How many of you download large text files from time to time? Sometimes you would like to load one of these files into your word processor before printing it. Maybe you would like to edit out the typos you noticed when you looked it over on screen. Or maybe you would like to reformat it into two columns. Or whatever. Usually this is no problem. But sometimes the file is so large that it cannot be loaded all at once.

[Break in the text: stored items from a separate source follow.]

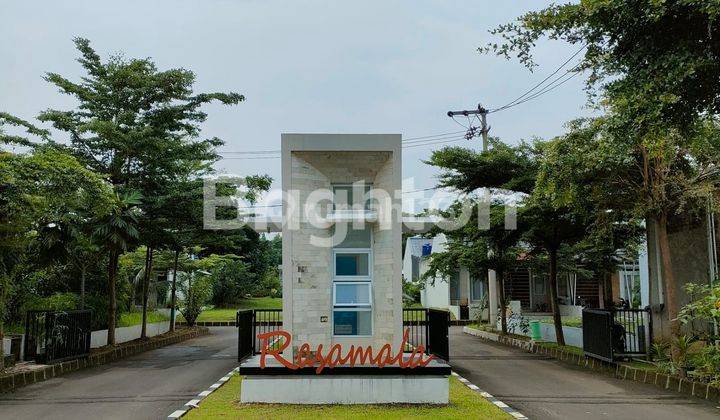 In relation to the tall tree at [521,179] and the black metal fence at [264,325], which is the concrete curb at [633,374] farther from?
the black metal fence at [264,325]

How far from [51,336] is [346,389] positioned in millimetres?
7217

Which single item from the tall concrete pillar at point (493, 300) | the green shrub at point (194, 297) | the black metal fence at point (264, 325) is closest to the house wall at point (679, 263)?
the black metal fence at point (264, 325)

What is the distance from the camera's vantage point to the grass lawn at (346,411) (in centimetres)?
797

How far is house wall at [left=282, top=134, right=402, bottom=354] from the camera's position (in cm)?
968

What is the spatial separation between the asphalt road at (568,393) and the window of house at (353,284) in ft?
8.40

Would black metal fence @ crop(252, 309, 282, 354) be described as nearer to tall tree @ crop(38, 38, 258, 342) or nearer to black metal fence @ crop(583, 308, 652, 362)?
tall tree @ crop(38, 38, 258, 342)

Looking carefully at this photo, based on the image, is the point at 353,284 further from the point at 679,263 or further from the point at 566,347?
the point at 566,347

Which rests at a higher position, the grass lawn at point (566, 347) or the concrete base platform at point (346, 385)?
the concrete base platform at point (346, 385)

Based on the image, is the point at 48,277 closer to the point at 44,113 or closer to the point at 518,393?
the point at 44,113

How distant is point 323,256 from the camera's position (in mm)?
10008

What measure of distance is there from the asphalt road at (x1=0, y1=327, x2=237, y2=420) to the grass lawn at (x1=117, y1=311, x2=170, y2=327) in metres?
3.92

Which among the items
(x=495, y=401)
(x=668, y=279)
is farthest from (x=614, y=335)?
(x=495, y=401)

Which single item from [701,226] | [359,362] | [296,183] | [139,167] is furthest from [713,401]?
[139,167]

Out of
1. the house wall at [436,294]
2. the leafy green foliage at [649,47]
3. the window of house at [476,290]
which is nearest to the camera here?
the leafy green foliage at [649,47] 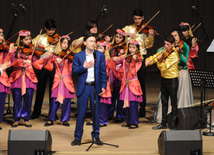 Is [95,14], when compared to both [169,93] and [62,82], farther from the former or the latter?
[169,93]

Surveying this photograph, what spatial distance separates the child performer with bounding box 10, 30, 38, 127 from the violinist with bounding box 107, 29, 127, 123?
1185mm

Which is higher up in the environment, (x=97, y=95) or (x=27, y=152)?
(x=97, y=95)

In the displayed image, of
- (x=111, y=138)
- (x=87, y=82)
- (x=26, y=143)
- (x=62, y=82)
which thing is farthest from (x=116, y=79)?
(x=26, y=143)

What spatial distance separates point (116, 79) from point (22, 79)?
1396 mm

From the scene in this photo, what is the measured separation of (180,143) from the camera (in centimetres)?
362

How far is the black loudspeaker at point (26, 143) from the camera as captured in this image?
3.57m

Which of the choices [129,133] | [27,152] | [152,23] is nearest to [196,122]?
[129,133]

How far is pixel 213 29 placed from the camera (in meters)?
11.0

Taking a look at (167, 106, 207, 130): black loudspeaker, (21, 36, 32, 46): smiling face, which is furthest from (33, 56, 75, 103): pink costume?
(167, 106, 207, 130): black loudspeaker

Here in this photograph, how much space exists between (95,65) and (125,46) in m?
1.52

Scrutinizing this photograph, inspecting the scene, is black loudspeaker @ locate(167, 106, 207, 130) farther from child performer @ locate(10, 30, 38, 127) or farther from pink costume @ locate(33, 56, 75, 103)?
child performer @ locate(10, 30, 38, 127)

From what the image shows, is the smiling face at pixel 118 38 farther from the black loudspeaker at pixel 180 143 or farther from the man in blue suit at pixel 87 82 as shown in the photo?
the black loudspeaker at pixel 180 143

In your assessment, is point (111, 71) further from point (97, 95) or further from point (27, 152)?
point (27, 152)

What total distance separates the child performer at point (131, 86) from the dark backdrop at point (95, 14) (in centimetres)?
538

AtariWriter Plus will load as much as it can, but then there is no way to access the remainder of the file. What is needed is a way to split the file into two or more parts that can be loaded individually, edited, chained together, and then printed. Fortunately, the MFACC library has a program that will split the file for you. It's called DIVIDTXT.EXE, and it's in the public domain.

The program works with multiple drives and asks you for the complete file specification (or will display a disk directory, if needed). Then you are prompted for the destination filespec. Don't use an extender, as the program will automatically use the extender to number the new files sequentially. Then you are asked for the desired size of the split files. The maximum filesize is 24,000 bytes.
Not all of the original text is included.